Im Sommer 1961 besitzt der herzensgute Wilhelm Kaiser (Jovial gespielt von Horst Niendorf) eine Wechselstube am Potsdamer Platz. Die Geschäfte gehen gut und das Pendeln zwischen West und Ost gehört zum Alltag. Der Zukunft blickt man gutgelaunt entgegen. Seine Tochter Kitty (temperamentvoll: Myriam Stark), ebenfalls herzensgut, aber darüber hinaus voller kesser Sprüche und einem zuckersüßen Rhabarberlächeln, hat ihre liebe Mühe mit Ehemann Klaus (der Flakhelfer als Hans Dampf: Jürgen Trott), der von Treue nicht besonders viel hält. Aber das ist schon in Ordnung so, denn: »Gegessen wird zu Hause.«

Josef (charmant und melancholisch: Marek Wlodarczik) ist ein polnischer Dolmetscher, der zwar nur gebrochenes Deutsch spricht, aber dafür Herrn Kaiser freundschaftlich ergeben ist, da dieser ihn 1945 vor der SS gerettet hat. Martin (jugendlich-optimistisch: Dietmar Wunder), ein hoffnungsfroher Nachwuchsautor aus dem Ostteil, unterscheidet sich durch behende Lebendigkeit von seiner ideologiebesessenen FDJ-Freundin Silvie (glaubhaft trocken: Debora Weigert).

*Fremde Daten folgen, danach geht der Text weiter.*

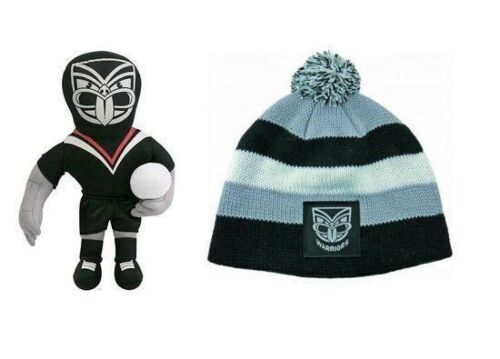 Set Of 2 New Zealand Warriors NRL Team Mascot Plush Toy Character With Football + Stripe Baby Beanie Toddler Hat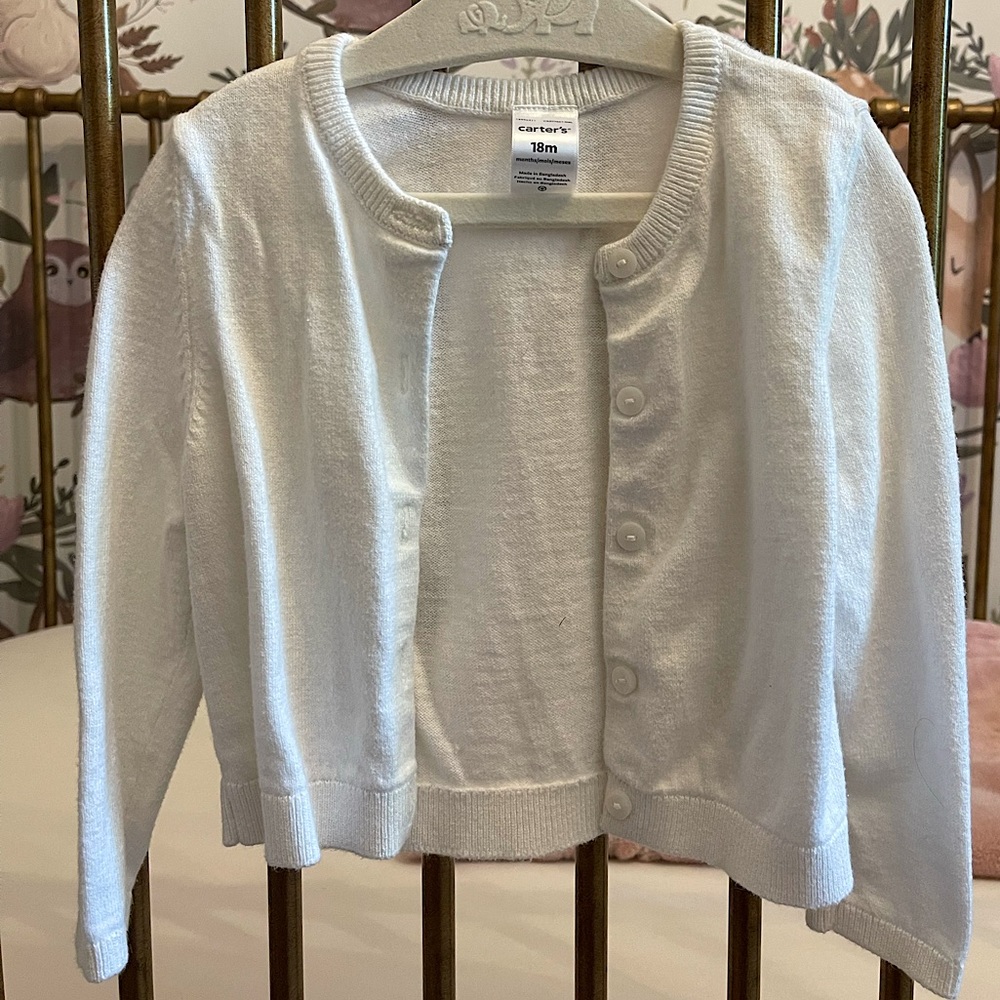 Carters white button up sweater 🤍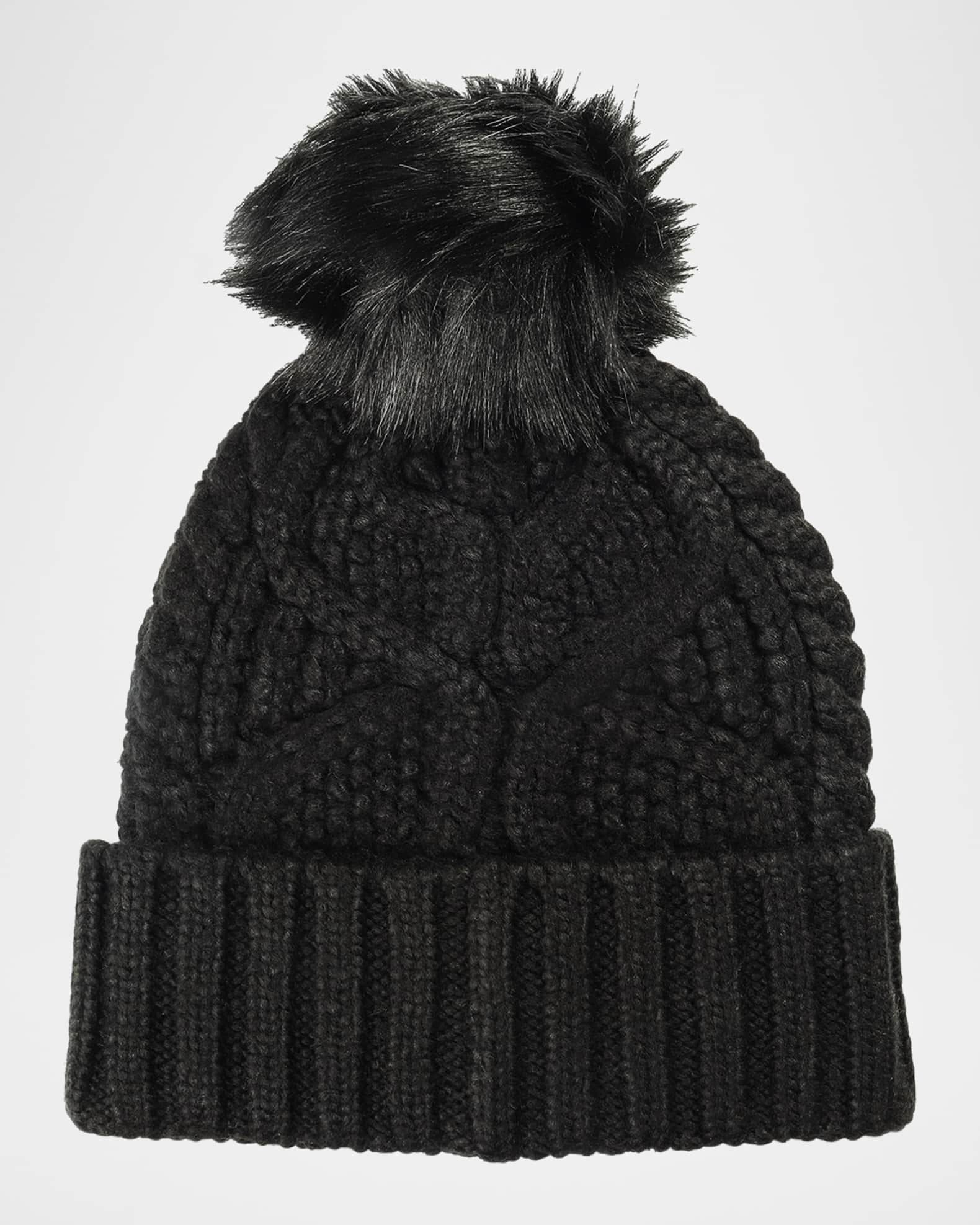 Cable Knit Beanie W/ Pom Pom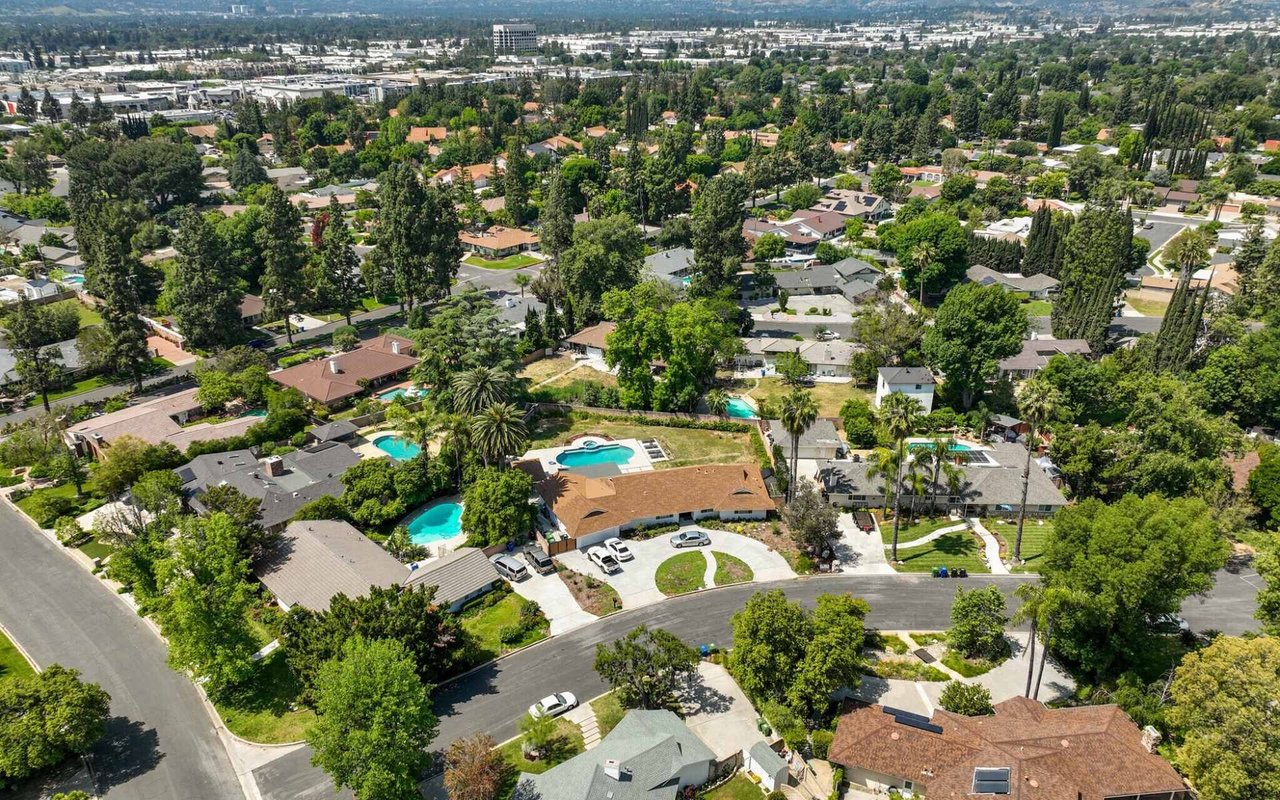 Northridge neighborhood aerial view pools and residential streets San Fernando Valley Los Angeles
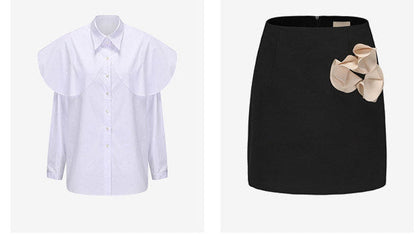 AtelierMissLu Fall/Winter Orchid Shape Piece Design Short Skirt - ENDELLION.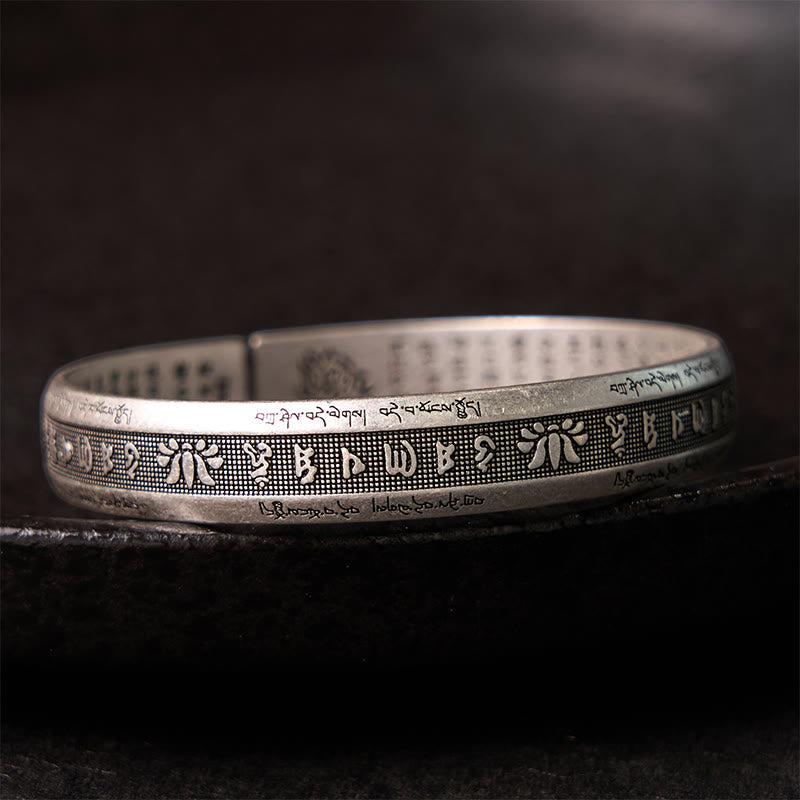 KarmaRipple's Om Mani Padme Hum Heart Sutra Mantra Lotus Peace Meditation Cuff Bracelet Bangle p1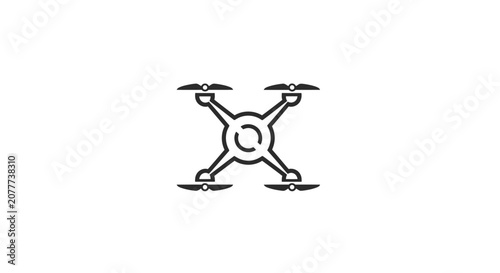 Minimalistic drone graphic on a white background suitable for technology and design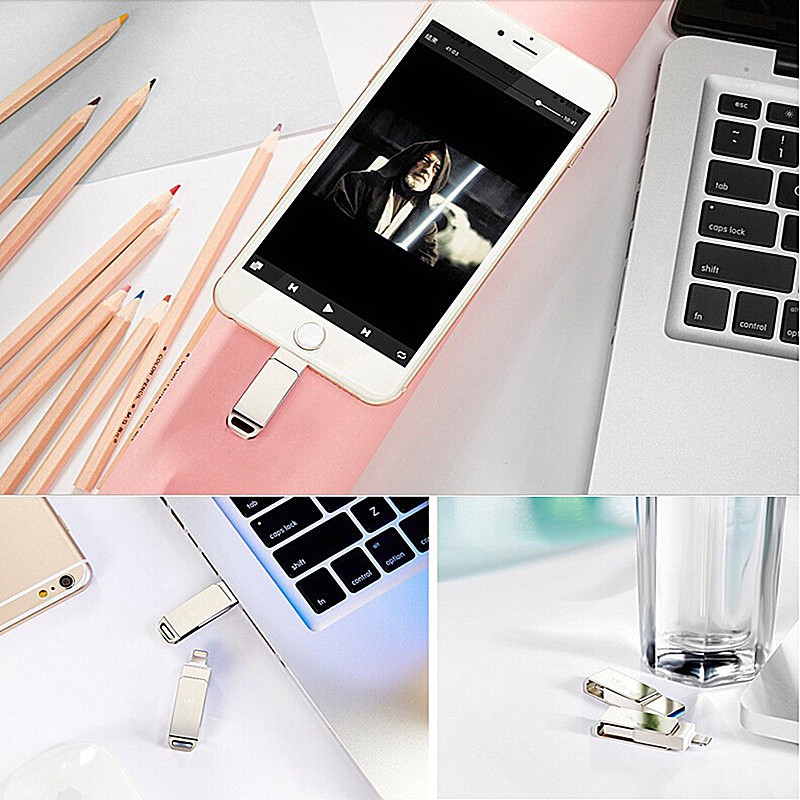 HD i-usb Flash Drive Bahan Metal Tahan for Air untuk iPhone / iPad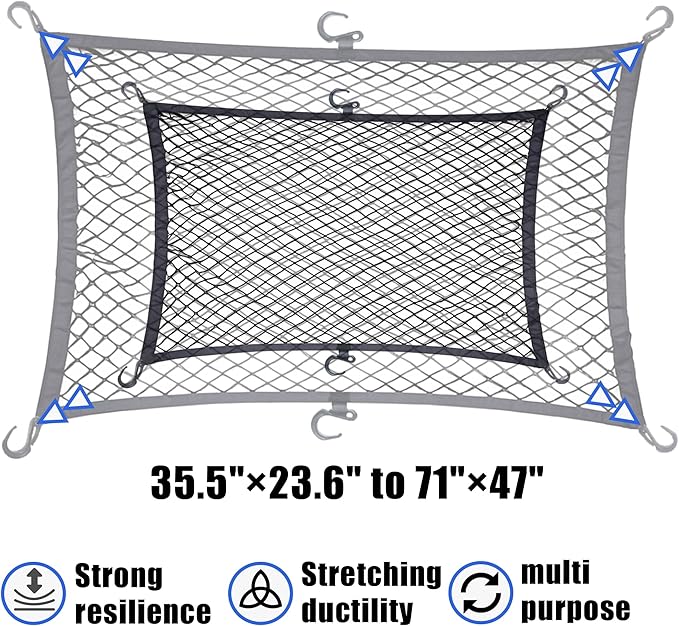 Cargo Net for Utility Folding Wagon, Beach Cart,Trolley Cart, Cover,Garden Cart Cover - Elastic Heavy Duty Nylon Net with 6 Hooks - Outdoor Wagon Accessories (35.5"×23.6" to 71"×47")(6)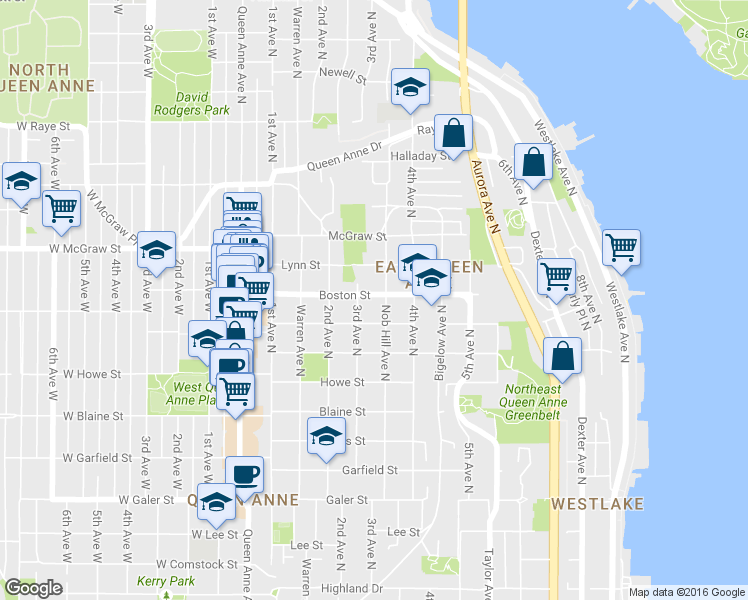 map of restaurants, bars, coffee shops, grocery stores, and more near 2206 Nob Hill Avenue North in Seattle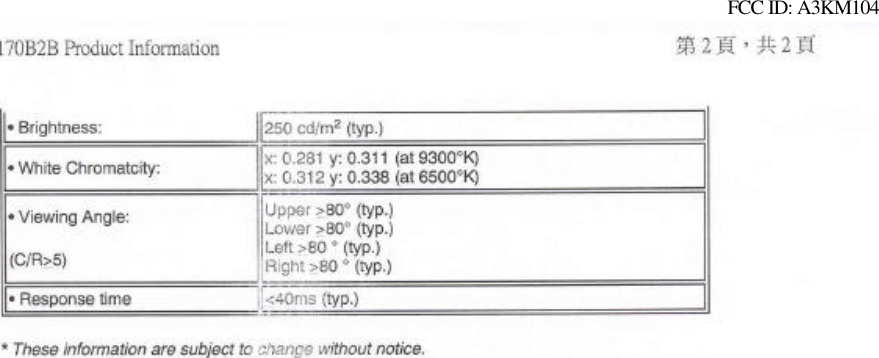 FCC ID: A3KM104  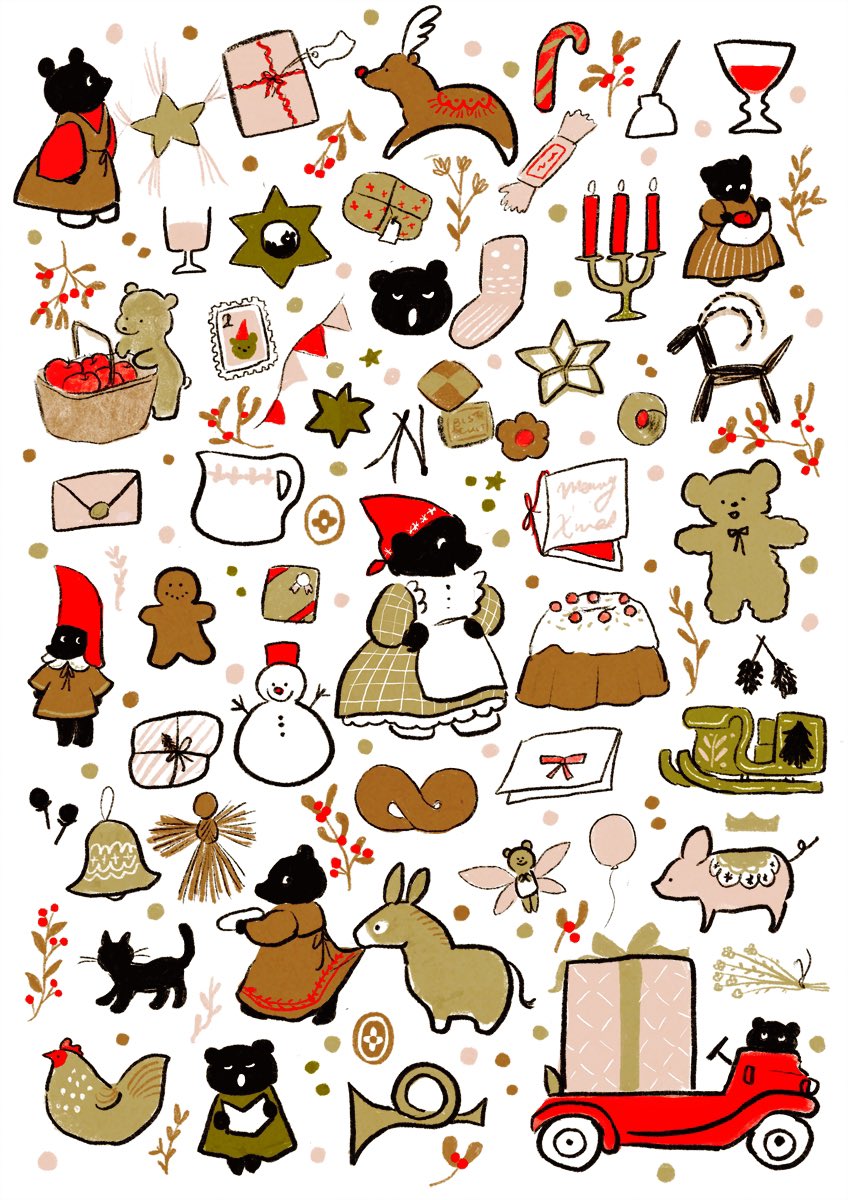 「もうすぐクリスマス 」|ももろ　4／20発売絵本「パンダのパクパクきせつのごはん」のイラスト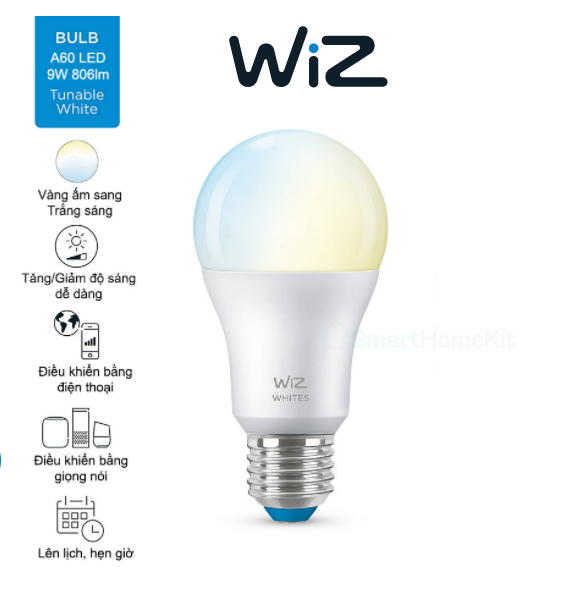 Bóng đèn WiZ thay đổi nhiệt độ màu Wi-Fi TunableWhite/9W A60 927-65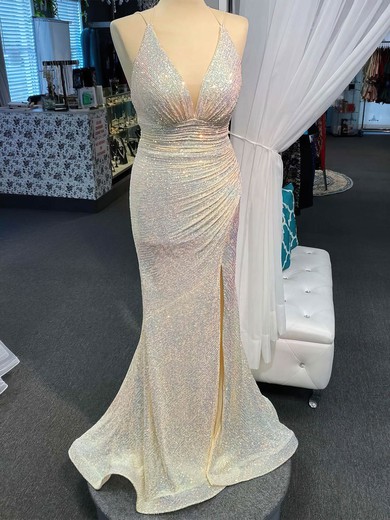 Trumpet/Mermaid V-neck Sequined Floor-length Prom Dresses With Split Front #Favs020112378
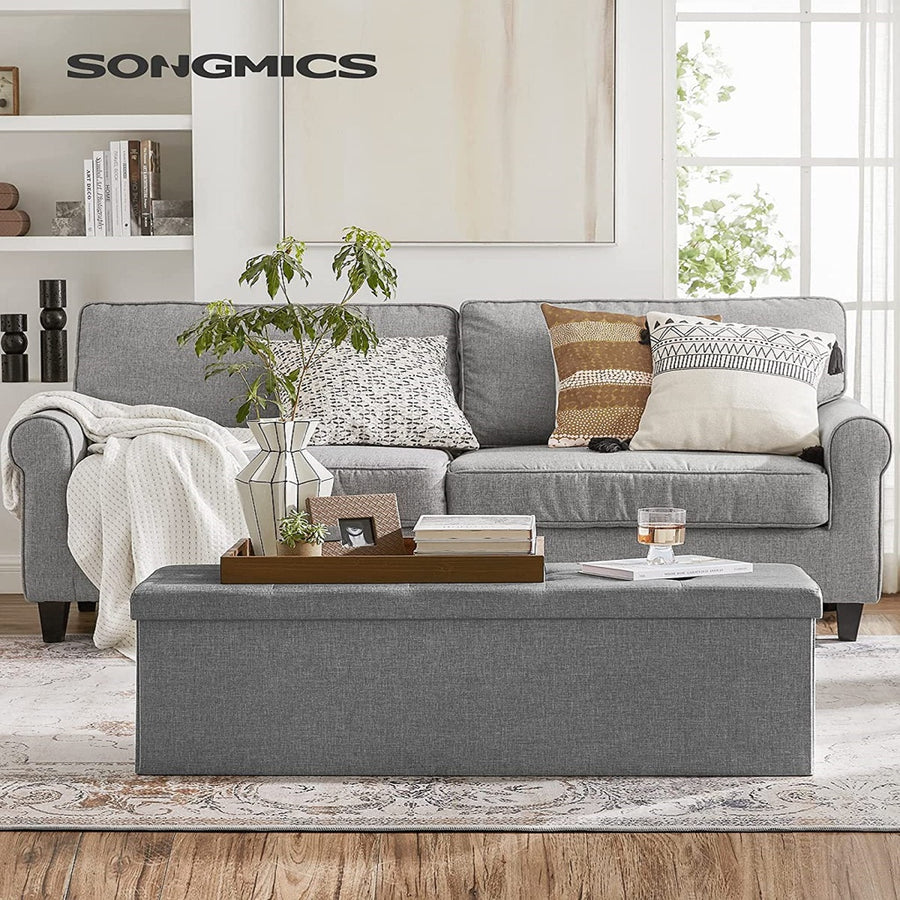 110cm Storage Ottoman Bench Light Grey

Schließlich gibt es in dieser heiteren Runde noch den übergewichtigen, aber weltmännisch agierenden Bauunternehmer Bruno Apostel, der durch Korruption seine Weichen stellt und mit dem Satz: »Die Welt ist schlecht, wie kann ich da gut sein?« seine Machenschaften rechtfertigt. Leider muß er wegen einer kleinen Komplikation im Werdegang erst einmal in den Osten flüchten. Man kennt das ja.

Als Kaisers ehemalige Schankhilfe Wally (sympathisch-mütterlich: Brigitte Grothum) nach zwölfjähriger Ehe und anschließender Scheidung von Major Masters (der Mann als Held: Manfred Petersen) aus Amerika zurückkehrt, weckt sie lieblich nostalgische Gefühle in Kaisers Herz, und der Himmel hängt voller Kontrabässe. Doch der Bau der Mauer am 13. August macht so einige Hoffnungen zunichte: Klaus ist mit einem LKW im Osten unterwegs und Silvie wartet auf ihren Freund, der währenddessen bei Kaiser sitzt und von Kitty hört, daß seine Freundin schwanger ist. Kurzentschlossen wählt er den »Arbeiter- und Bauernstaat« als sein Schicksal, um Silvie beizustehen.

Herr Kaiser, von überschwenglichem Tatendrang und Heldenmut mitgerissen, gräbt einen Tunnel, um die verlorenen Schäfchen im Osten zu retten. Unterstützt wird er dabei von Josef, der zwangsweise für die Staatssicherheit arbeitet, aber auch an höhere Ziele glaubt und deswegen jeglicher Gefahr einfach trotzt. So befindet sich nach einiger Zeit alles im Hause Kaisers voller Sand, den die beiden aus dem märkischen Untergrund buddeln. Die Fluchtaktion gelingt, und alle sind wieder hübsch beeinander — nur der Pole mußte dran glauben. Fast wie im richtigen Leben.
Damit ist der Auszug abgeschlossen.